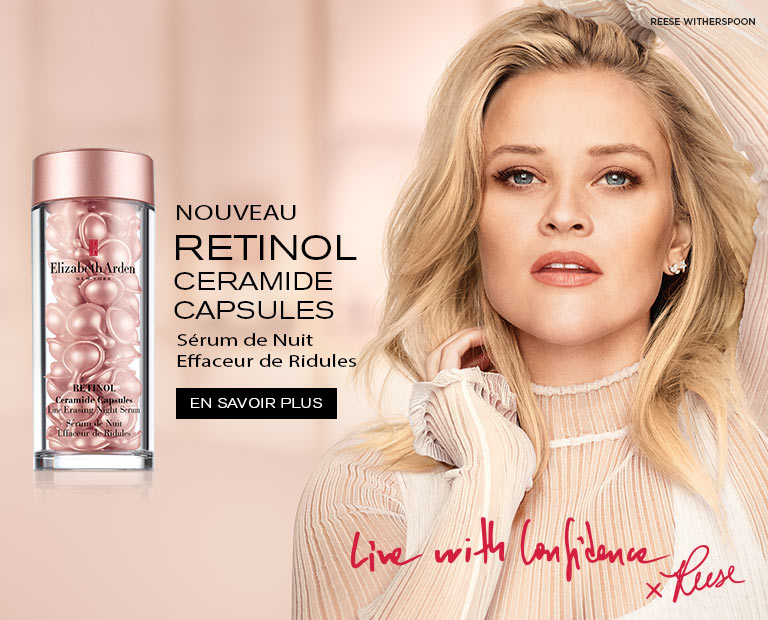 Retinol Ceramide Capsules - Elizabeth Arden France Soins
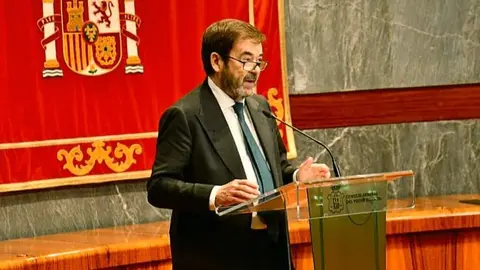 Guilarte, recientemente, en la entrega de los XVI premios del Foro Justicia y Discapacidad - Foto del CGPJ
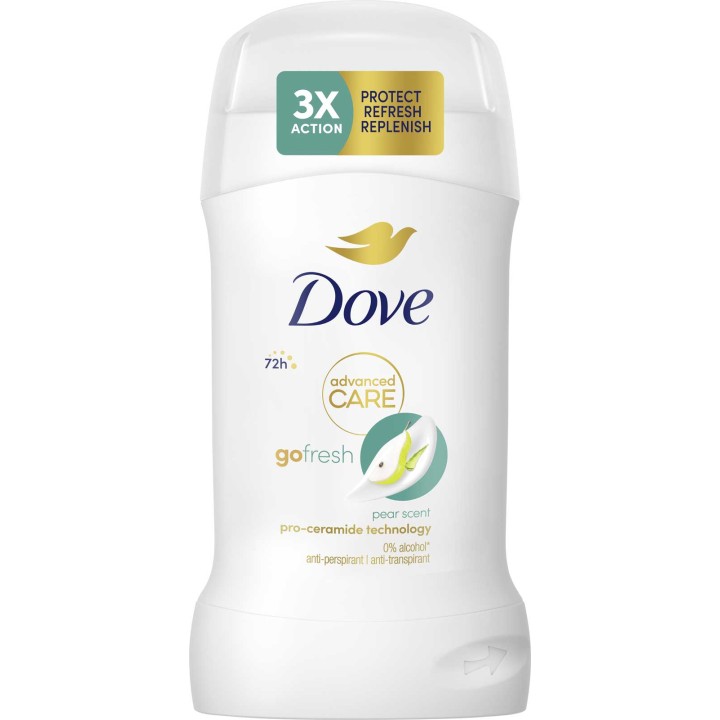 DOVE DEO STICK ADV PERA ML.50
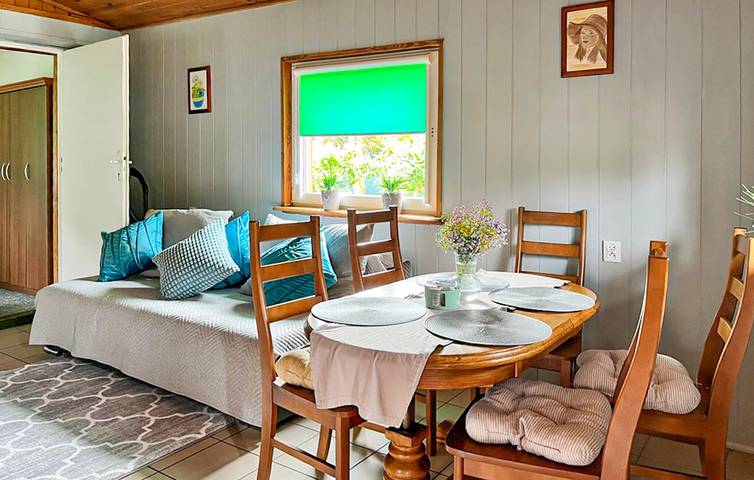 Ferienhaus für 5 Personen mit Terrasse in Puddemsdorf, Jezioro Jamno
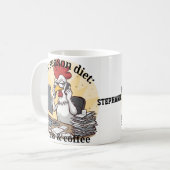 Mug Musique de la saison fiscale (Devant gauche)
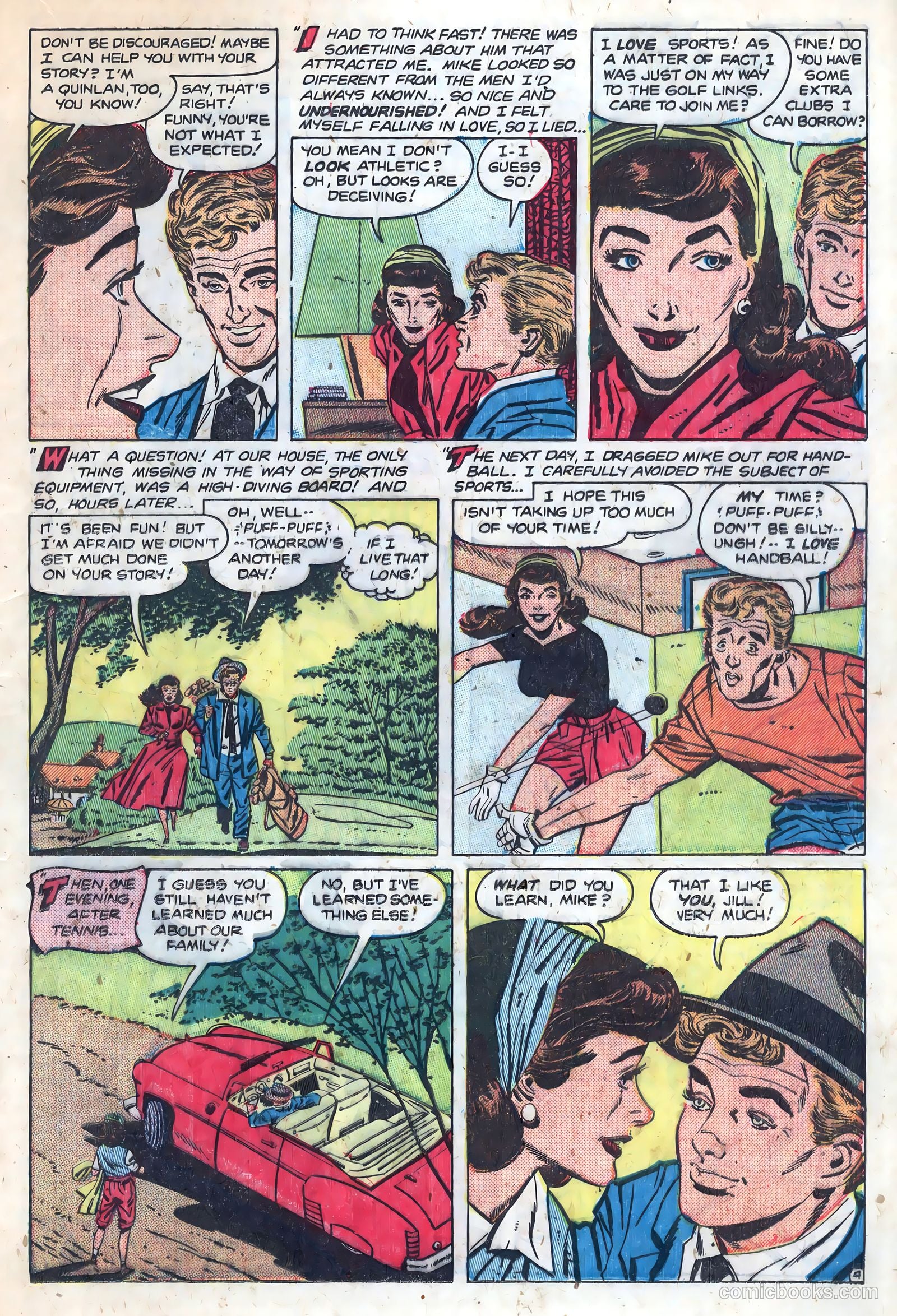 New Romances #13 — page 17 of 36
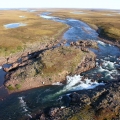 Henigayok-Falls-Kivalliq.-Wildlife-Baseline-Surveys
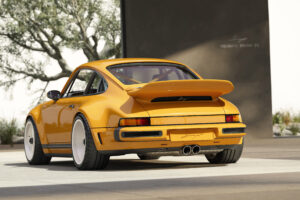 싱어, 포르쉐 911 카레라 쿠페 리이매진드 공개...100대 한정 생산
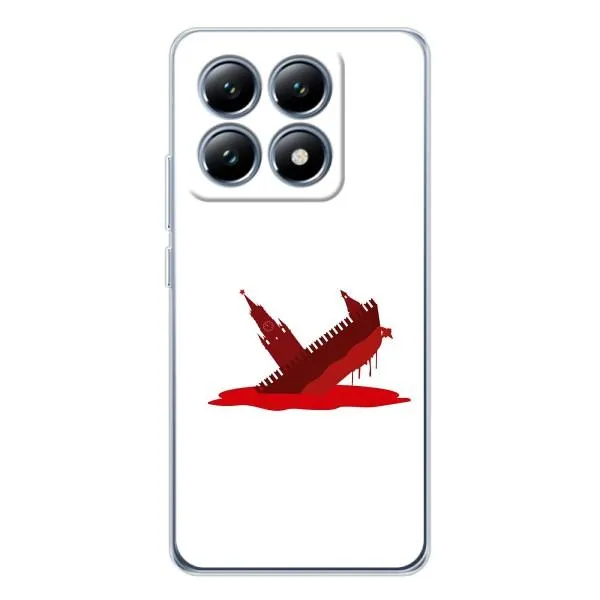 Чехол с принтом «Кремлевский Корабль» для Xiaomi 15 Pro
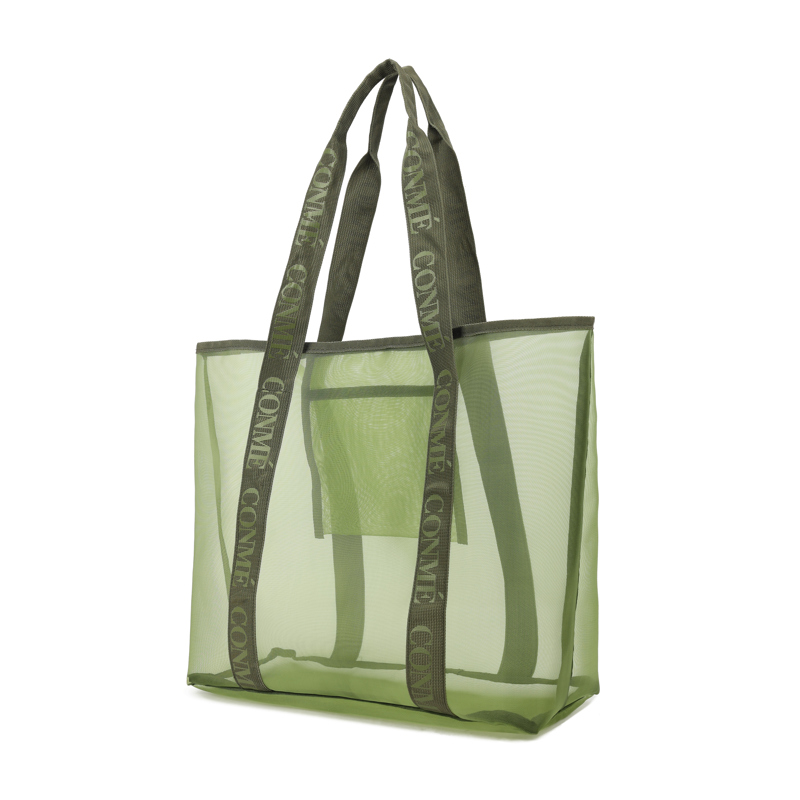 Conmé Shopper Merle Mesh  M. Grøn 2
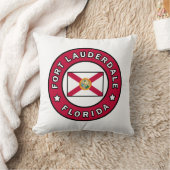 フォートローダーデールフロリダ クッション (ブランケット)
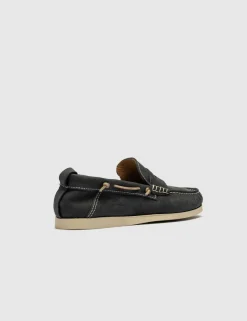 Suede Loafers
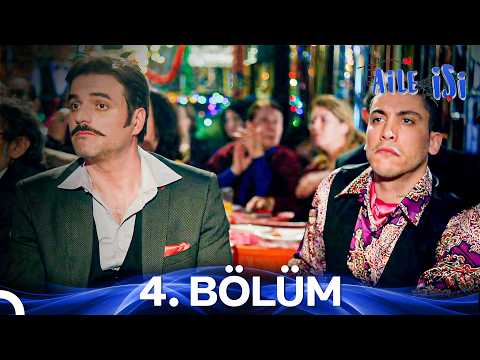 Aile İşi 4. Bölüm (İyileştirilmiş Görüntü)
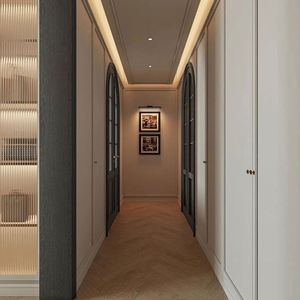 ตู้เสื้อผ้าสไตล์ฝรั่งเศสแบบกำหนดเองจากผู้ผลิตจีน สำหรับห้องนั่งเล่น ห้องนอน ออกแบบสำหรับทั้งบ้าน เหมาะสำหรับอพาร์ตเมนต์ โรงแรม และวิลล่า - Product Image 2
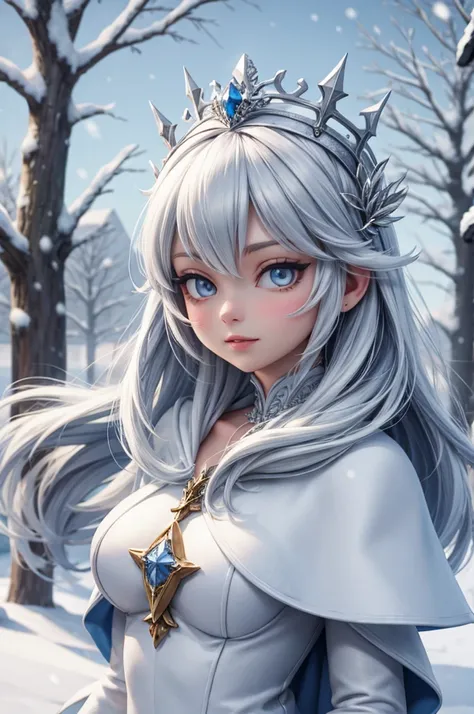  Snow Queen Lady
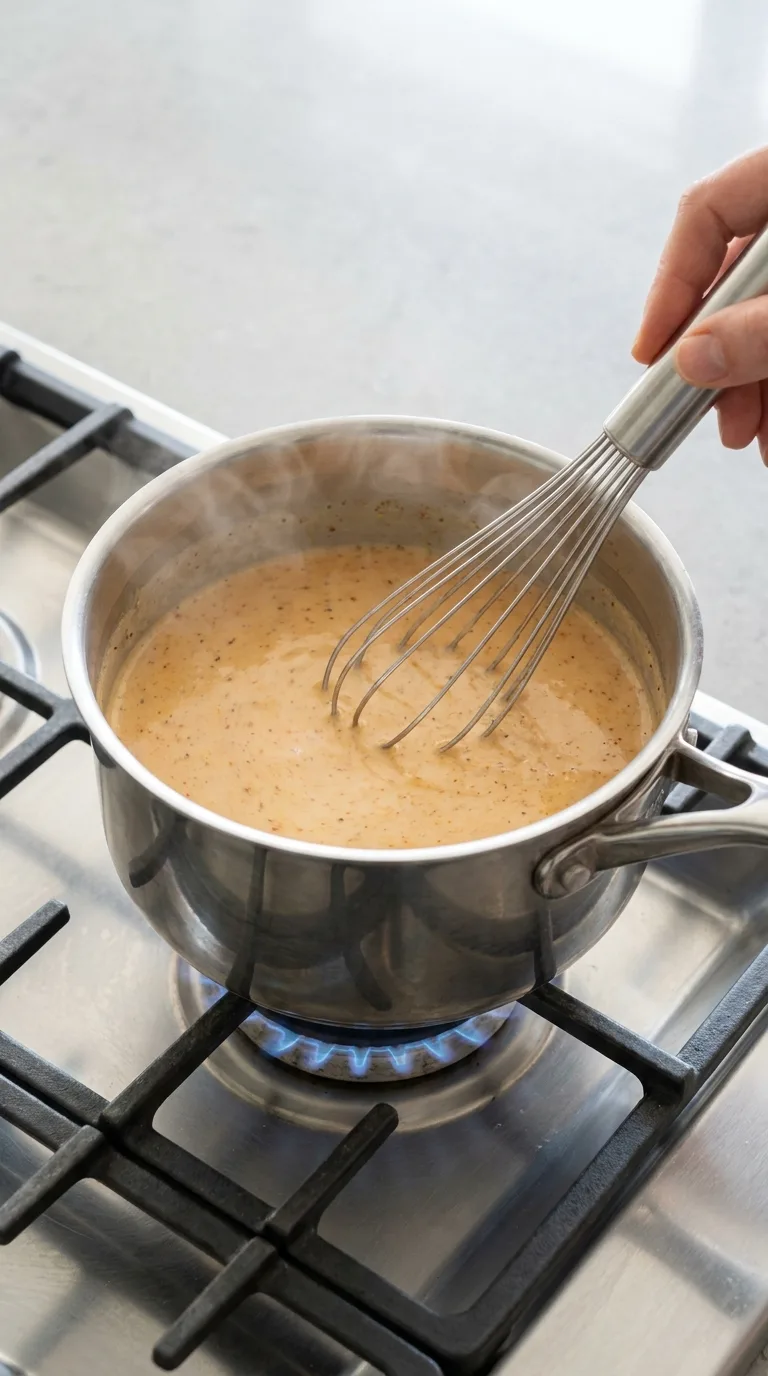 Pumpkin Spice Coffee Creamer step 2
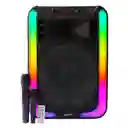 Parlante Con Ruedas Sonido Potente Y Luces Rgb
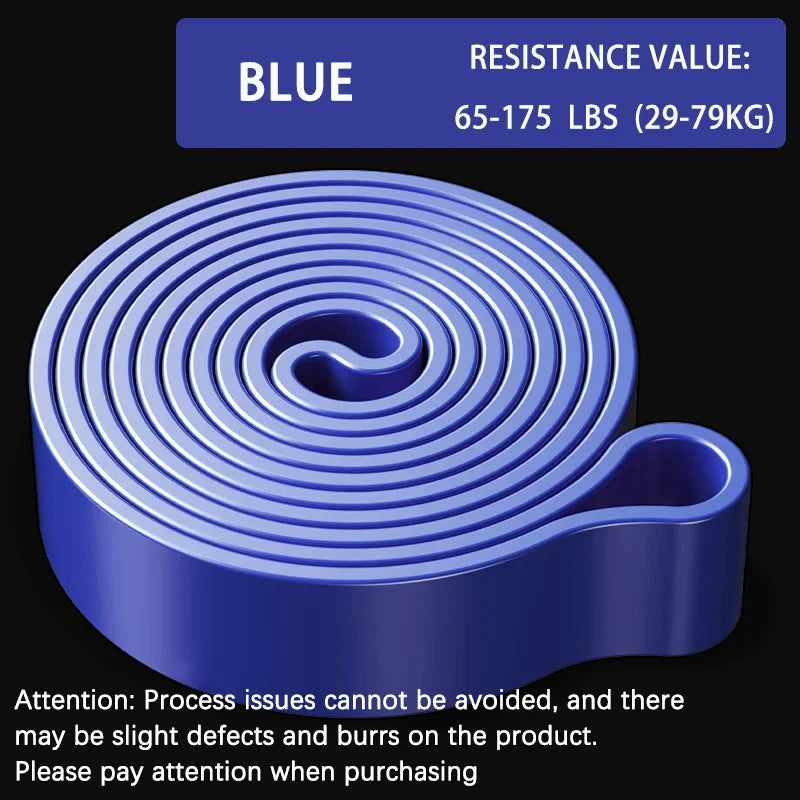 Long Resistance Bands for Strength & Flexibility Training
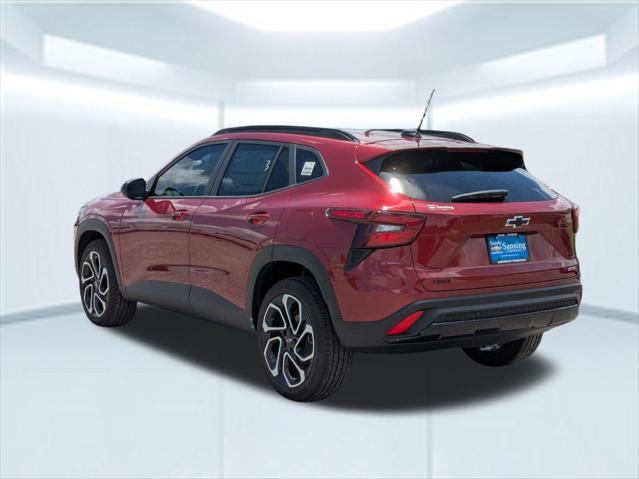 new 2025 Chevrolet Trax car, priced at $27,135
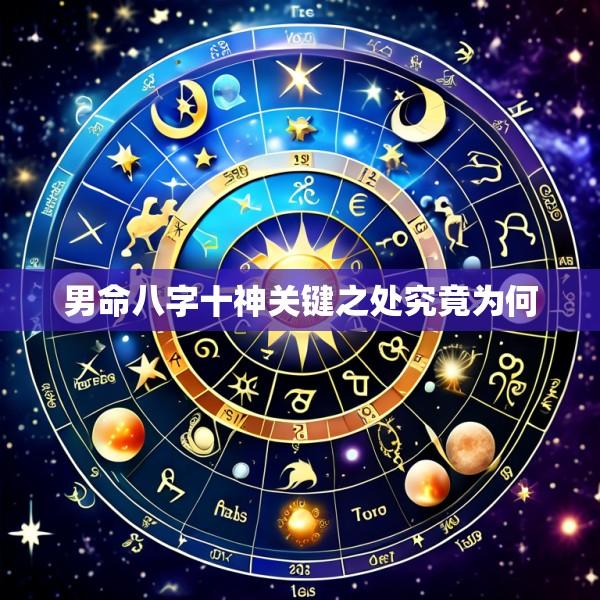 男命八字十神关键之处究竟为何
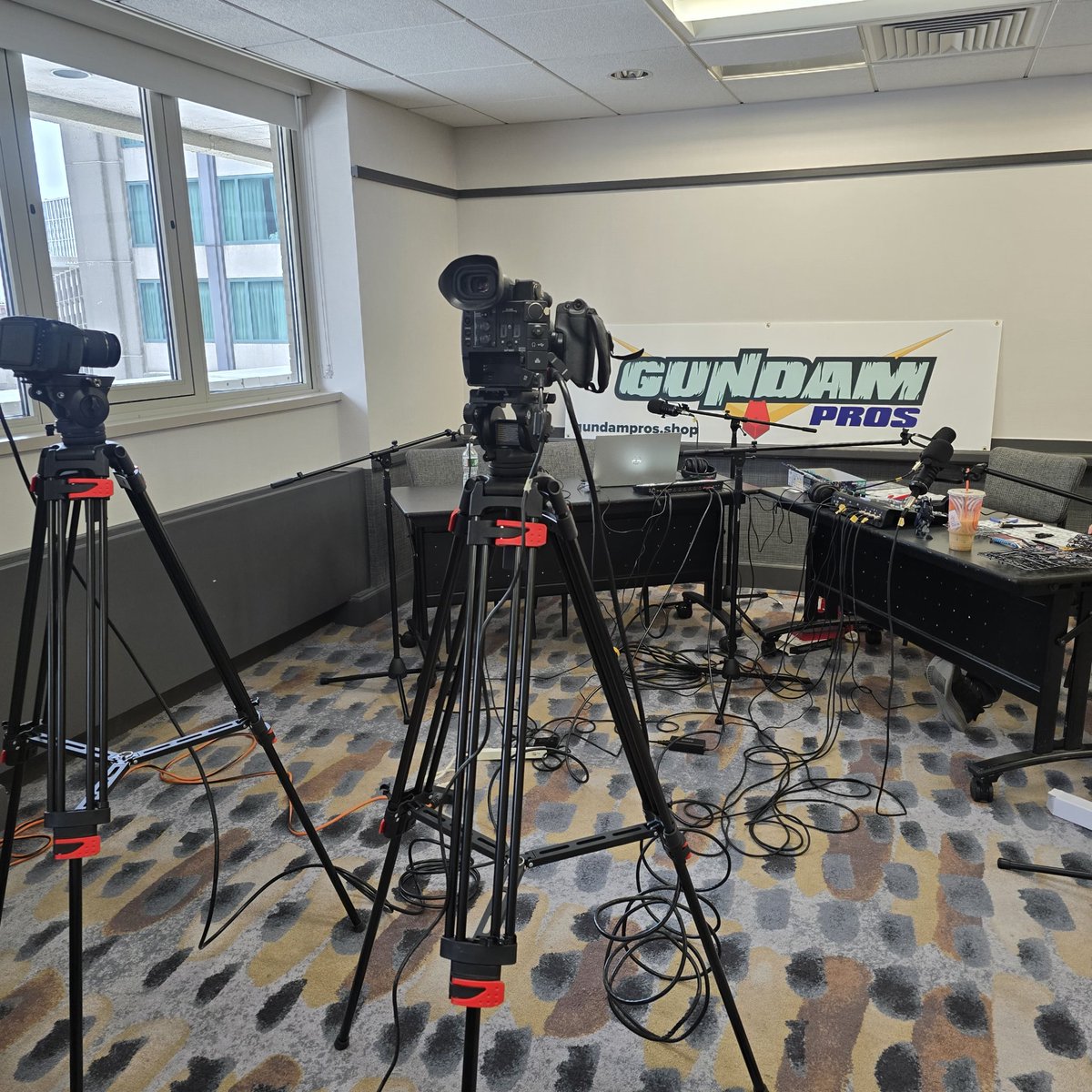 Going live from the build room at 4pm est on twitch and youtube. I got my password so hopefully we can play deal or no deal and giveaway a pgunu and more.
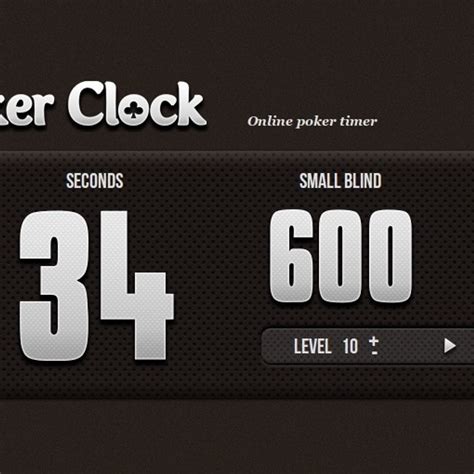 Poker timer kostenlos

────────────────

### Work request:
The full listing, reproduced exactly and without pictures, is the expected output.

### Completed task:
 Retinol Ceramide Capsules - Elizabeth Arden France Soins
 Guilarte, recientemente, en la entrega de los XVI premios del Foro Justicia y Discapacidad - Foto del CGPJ
 DOVE DEO STICK ADV PERA ML.50
 Ferienhaus für 5 Personen mit Terrasse in Puddemsdorf, Jezioro Jamno
 Mug Musique de la saison fiscale (Devant gauche)
 New Romances #13 — page 17 of 36
 Henigayok-Falls-Kivalliq.-Wildlife-Baseline-Surveys
 싱어, 포르쉐 911 카레라 쿠페 리이매진드 공개...100대 한정 생산
 Чехол с принтом «Кремлевский Корабль» для Xiaomi 15 Pro
 Conmé Shopper Merle Mesh  M. Grøn 2
 フォートローダーデールフロリダ クッション (ブランケット)
 Suede Loafers
 Aile İşi 4. Bölüm (İyileştirilmiş Görüntü)
 ตู้เสื้อผ้าสไตล์ฝรั่งเศสแบบกำหนดเองจากผู้ผลิตจีน สำหรับห้องนั่งเล่น ห้องนอน ออกแบบสำหรับทั้งบ้าน เหมาะสำหรับอพาร์ตเมนต์ โรงแรม และวิลล่า - Product Image 2
  Snow Queen Lady
 Pumpkin Spice Coffee Creamer step 2
 Parlante Con Ruedas Sonido Potente Y Luces Rgb
 Long Resistance Bands for Strength & Flexibility Training
 new 2025 Chevrolet Trax car, priced at $27,135
 男命八字十神关键之处究竟为何
 Going live from the build room at 4pm est on twitch and youtube. I got my password so hopefully we can play deal or no deal and giveaway a pgunu and more.
 Poker timer kostenlos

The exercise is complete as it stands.